PC版の「えきねっと」で10時打ちをして取れたきっぷです。事前予約も含め旭川~稚内間は速攻で満席になってしまい、代替案で確保しました。当初は札幌~旭川間も空いていて、記念乗車証の配布がある旭川~名寄間だけ埋まっていました。私は記念乗車証に熱い思いはないので、最後に乗れさえすれば名寄~稚内間でも問題ありませんでした。
名寄駅の発車案内表示です。「臨時」で適当に済ませるかと思っていたら、正式な列車名と列車の絵柄と「36年間のご利用ありがとうございました」のメッセージが表示されていました。36年というのは500番台登場から起算したものなんでしょうね。
名寄駅に入線した特急「キハ183系サロベツ」号です。愛称幕は「サロベツ」の幕です。特急「サロベツ」は2017(平成29)年3月のダイヤ改正まではキハ183系で運用されていたので、この車両と幕の組み合わせは6年ぶりになります。

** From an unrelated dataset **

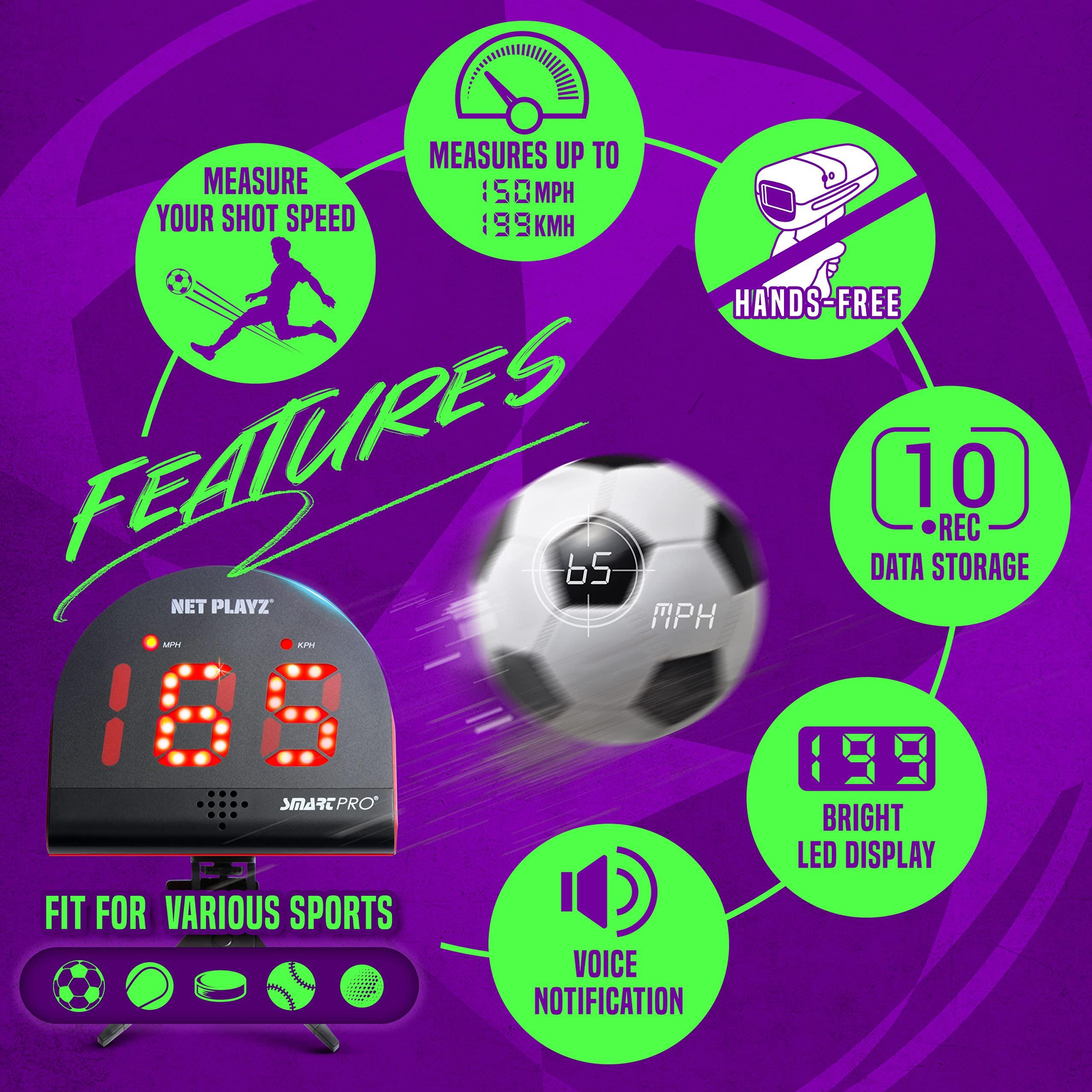 NETPLAYZ NETPLAYZ Soccer Gifts Speed Radar - Measure Shot Speed Shot-Power Detection, Sport Radar Gun (Hands-Free) Sensors | Training Aids, Gadget Gear & Equipment Black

見逃せないのが「キハ183系サロベツ」号の札幌方に連結された2両のオレンジ色の帯の入った新特急色の車両です。500番台新製時の塗色で、昨年9月から2両だけこの色に塗り替えられて運用されていました。なかなか乗ることも撮ることもできずこの時初めて遭遇しました。私が乗車していた1号車はまさにこの色の車両でした。
上で書いた通りこの列車は名寄~稚内間は途中停車駅がなく時刻表上はノンストップでした。音威子府駅には一瞬停車しすぐに発車しましたが、幌延駅は徐行して通過しました。幌延駅の通過は珍しいので興味深く見守りました。楽しみにしていた利尻富士は曇天で見えず、定刻であっさり稚内駅に到着しました。

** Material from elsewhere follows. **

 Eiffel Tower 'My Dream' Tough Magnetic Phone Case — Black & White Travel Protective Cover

翌日の上り列車は沿線へ撮影しに行きました。上り列車は新特急色が先頭なので前日とはまた違った趣きがあります。ちなみに新特急色は1990年代半ばには消滅し、特急「サロベツ」の登場は2000年のダイヤ改正なのでこの車両と愛称幕の組み合わせは実在しませんでした。でも、最後の最後に珍しいものが見られました。
個人的にはキハ183系は「北斗」「オホーツク」でよくお世話になりました。寒さや雪に負けずに力強く疾走する様はまさに北海道の気動車だと感じました。廃車は残念ではありますが、キハ261系と比べると陳腐化は否めませんでしたし、末期は故障が多発してたびたび車両交換も発生していたので仕方ないのかなと感じます。

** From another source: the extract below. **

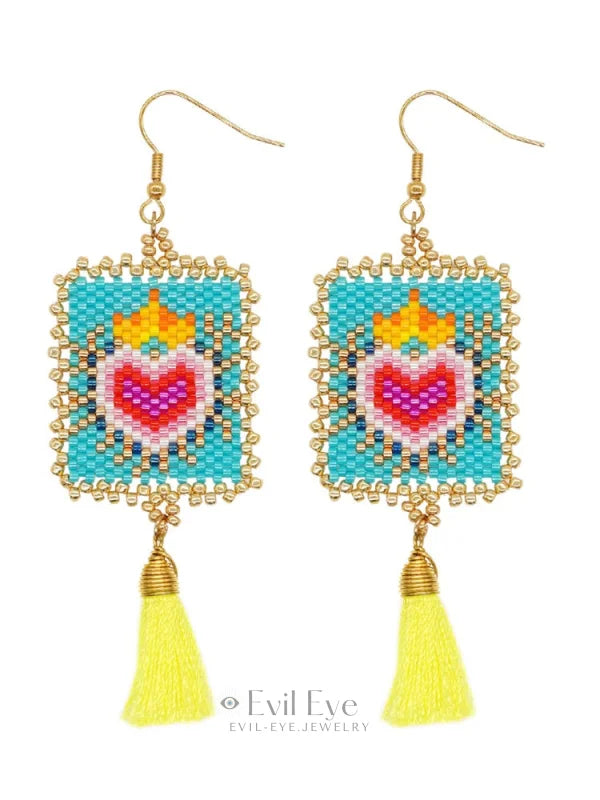 Handmade Evil Eye Miyuki Beads Drop Earrings MIE220246E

こうしてキハ183系が運用を終えたことによって、JR北海道の特急型車両はすべてJR化以降に製造された車両で統一されました。キハ183系は5月20日に苗穂工場での有料撮影会で最後の役目を果たした後、釧路に送り込まれて順次解体されています。記事作成時点で新特急色のハイデッカーグリーン車(キロ182-504)がちょうど解体中とのことです。